2016-10-24

by Jerome Choo
  • The diffbotUri value for Custom APIs is now calculated from the entirety of custom content (and can be used to detect changes between extractions).
  • Various improvements to caption detection and parsing in the Article API.
  • Crawlbot now adheres to the "Diffbot" user-agent in robots.txt directives, so that our crawling can be whitelisted when crawling partner or other sites.

2016-10-04

by Jerome Choo
  • Increased the size limits for content POSTed to Diffbot APIs.
  • Bulk Service jobs now require a minimum of 50 URLs for Startup plan customers.
  • Bulk Service and Crawlbot jobs now automatically retry failing URLs.

2016-09-12

by Jerome Choo
  • Numerous improvements to normalizedSpecs in the Product API.
  • Diffbot Automatic APIs now process PDFs. PDF URLs will be converted to HTML and then analyzed for extractable content.
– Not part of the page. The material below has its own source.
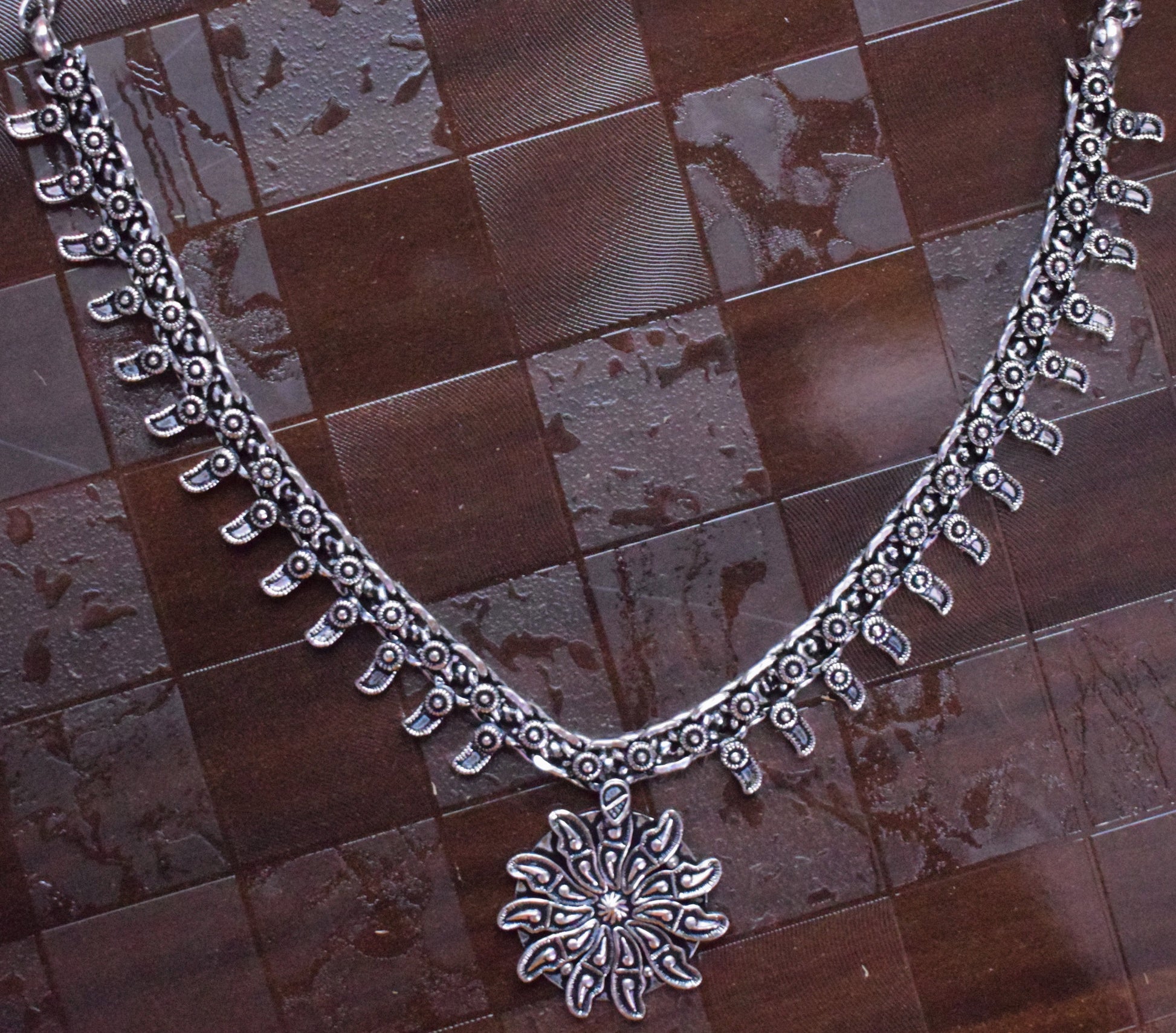 German Silver Choker Necklace with Pendant - GlitterGleam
PDFs are not currently supported while crawling.
  • Crawlbot fixes to reduce DNS errors when starting new crawls or crawl rounds.
  • Crawlbot and Bulk Processing: deletion of a nonexistent job will no longer return a "success" message.
  • Improved handling of UTF-8 encoded characters within Crawlbot.

2016-06-24

by Jerome Choo
  • Fixed an issue where large Crawlbot and Bulk job downloads would prematurely terminate.
  • Added beta support for executing custom Javascript before processing a page via an extraction API. See Analyze API example (works with all Automatic and Custom APIs).

2016-06-17

by Jerome Choo
  • Added support for custom headers to the Crawlbot and Bulk Job interfaces.
  • Added beta field inferredCategory_beta to the Product API, which provides an automatically-determined category for any extracted product.
  • The Bulk Service will no longer normalize URLs before processing them—all pages will be sent to the specified Diffbot API as-is.
  • Various improvements to performance and quality of Diffbot's rendering engine.
  • Corrected an issue in Custom APIs where a replacement rule would errantly trim blank spaces.

2016-05-24

by Jerome Choo
  • Crawlbot now supports custom headers while crawling; Bulk Processing jobs now support custom headers for all URLs.
  • Fixed an issue in Crawlbot where internal JSON objects were sometimes being returned in JSON data downloads.
  • Various improvements to date-parsing and normalization in the Article API.
  • Improvements to "Replacement" and "Ignore" filters in Custom APIs and manual rules.

2016-05-12

by Jerome Choo
  • Added column to the Crawlbot and Bulk API URL Report indicating if a proxy IP was used.
  • Added the argument useProxies to Crawlbot, which allows for proxy IPs to be used for specific crawls

2016-05-05

by Jerome Choo

Added proxy usage tracking to the Account API.

2016-04-28

by Jerome Choo
  • Added available colors (if found on the page) to the normalizedSpecs object in the Product API. Updated format of normalizedSpecs to return multiple values, if available, for a single key.
  • Fixed an issue where image URLs with spaces in the filename would be incorrectly returned.
  • Improved proxy support in the extraction APIs to help diversify origin IPs. Read more.

2016-04-15

by Jerome Choo
  • Released the tagConfidence argument in the Article API, allowing for the return of tags with lower relevance scores if desired.
  • Improved Crawlbot handling of DNS and other connection issues; increased range of TLDs supported by Crawlbot.
  • Fixed an issue where duplicate tags were being returned when sentiment analysis was being performed.